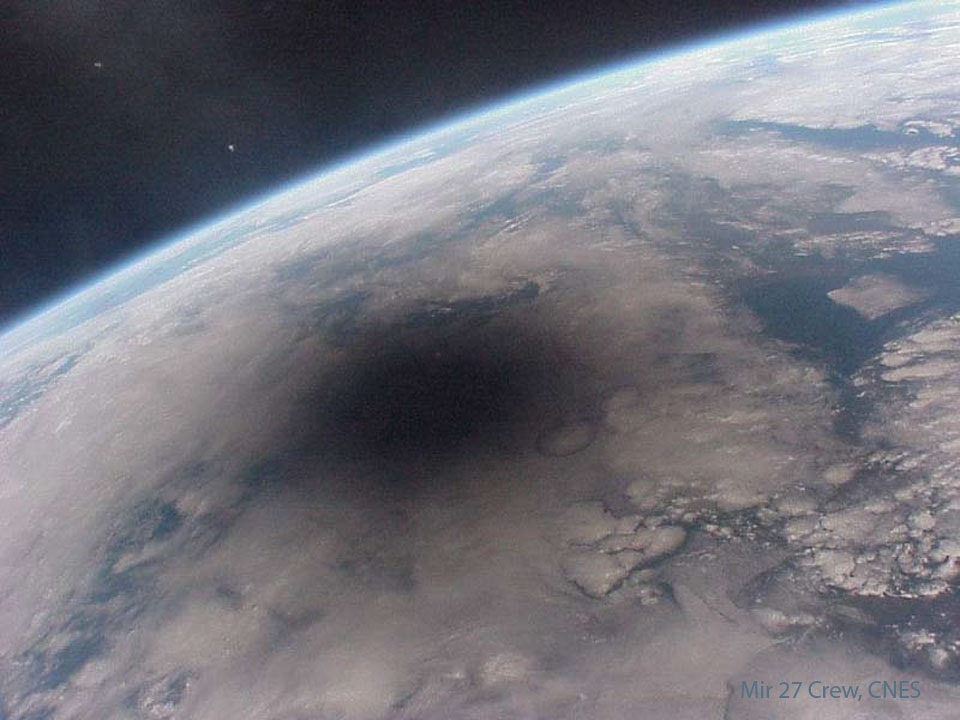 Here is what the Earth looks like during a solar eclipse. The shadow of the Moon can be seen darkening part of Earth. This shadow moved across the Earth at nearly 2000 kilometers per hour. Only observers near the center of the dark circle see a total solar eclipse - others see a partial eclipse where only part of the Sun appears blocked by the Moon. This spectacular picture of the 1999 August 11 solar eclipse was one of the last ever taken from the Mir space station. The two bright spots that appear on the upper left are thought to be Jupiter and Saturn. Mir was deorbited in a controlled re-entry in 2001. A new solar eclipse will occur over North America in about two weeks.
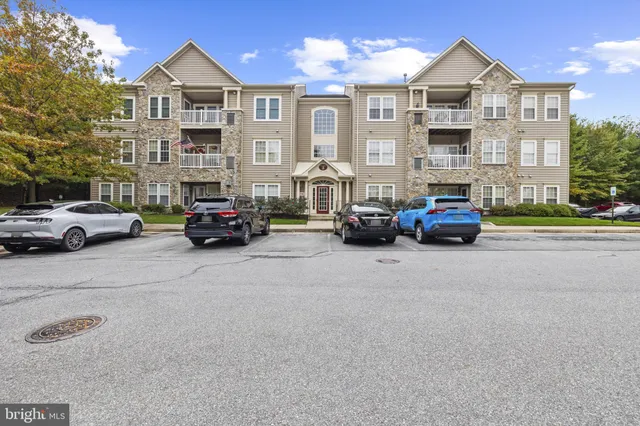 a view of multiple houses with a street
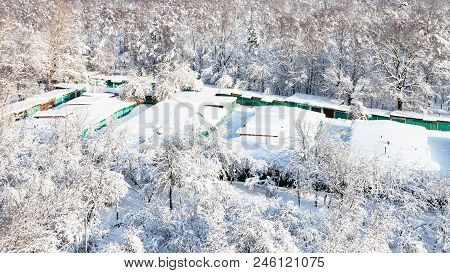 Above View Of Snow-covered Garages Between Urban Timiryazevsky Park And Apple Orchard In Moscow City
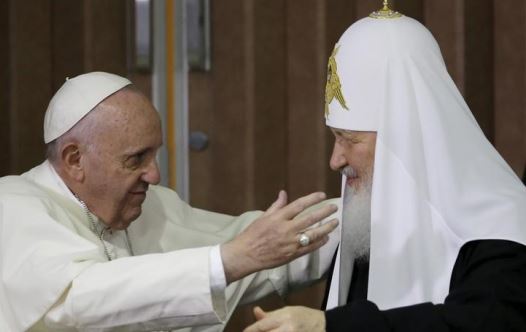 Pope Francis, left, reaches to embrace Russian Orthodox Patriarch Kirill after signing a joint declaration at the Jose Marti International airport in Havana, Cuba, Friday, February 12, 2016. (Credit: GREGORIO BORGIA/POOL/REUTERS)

...

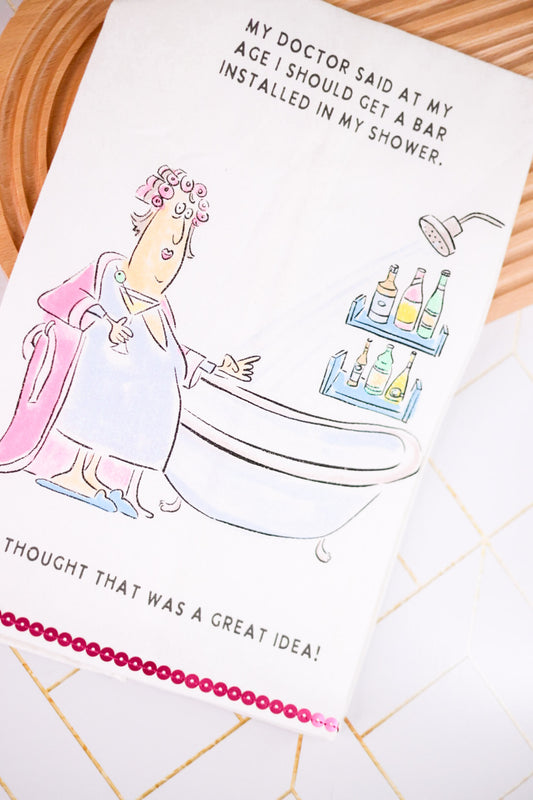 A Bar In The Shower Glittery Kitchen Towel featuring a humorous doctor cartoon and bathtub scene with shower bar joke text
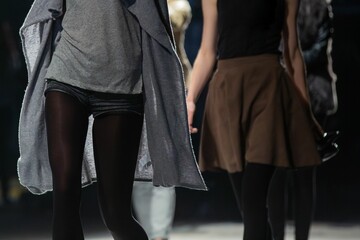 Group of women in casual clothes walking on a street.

---

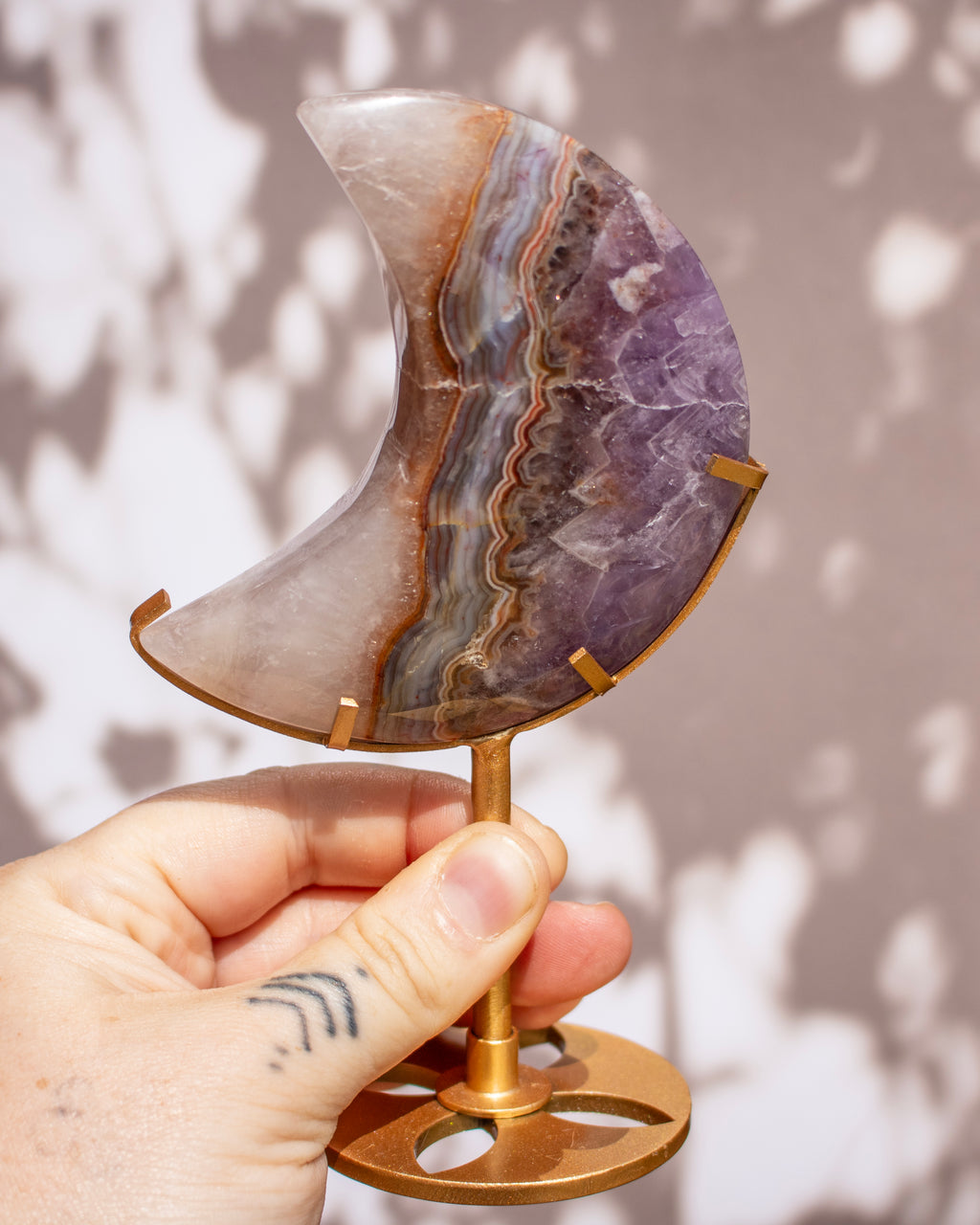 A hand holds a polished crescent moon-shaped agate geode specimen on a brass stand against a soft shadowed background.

- [Exercise description]:
Return exactly the stretch above whose first line contains "A Bar In The" and whose last line contains "Group of women", and nothing outside it. The pictures should not appear.

- [Written response]:
 A Bar In The Shower Glittery Kitchen Towel featuring a humorous doctor cartoon and bathtub scene with shower bar joke text
 Group of women in casual clothes walking on a street.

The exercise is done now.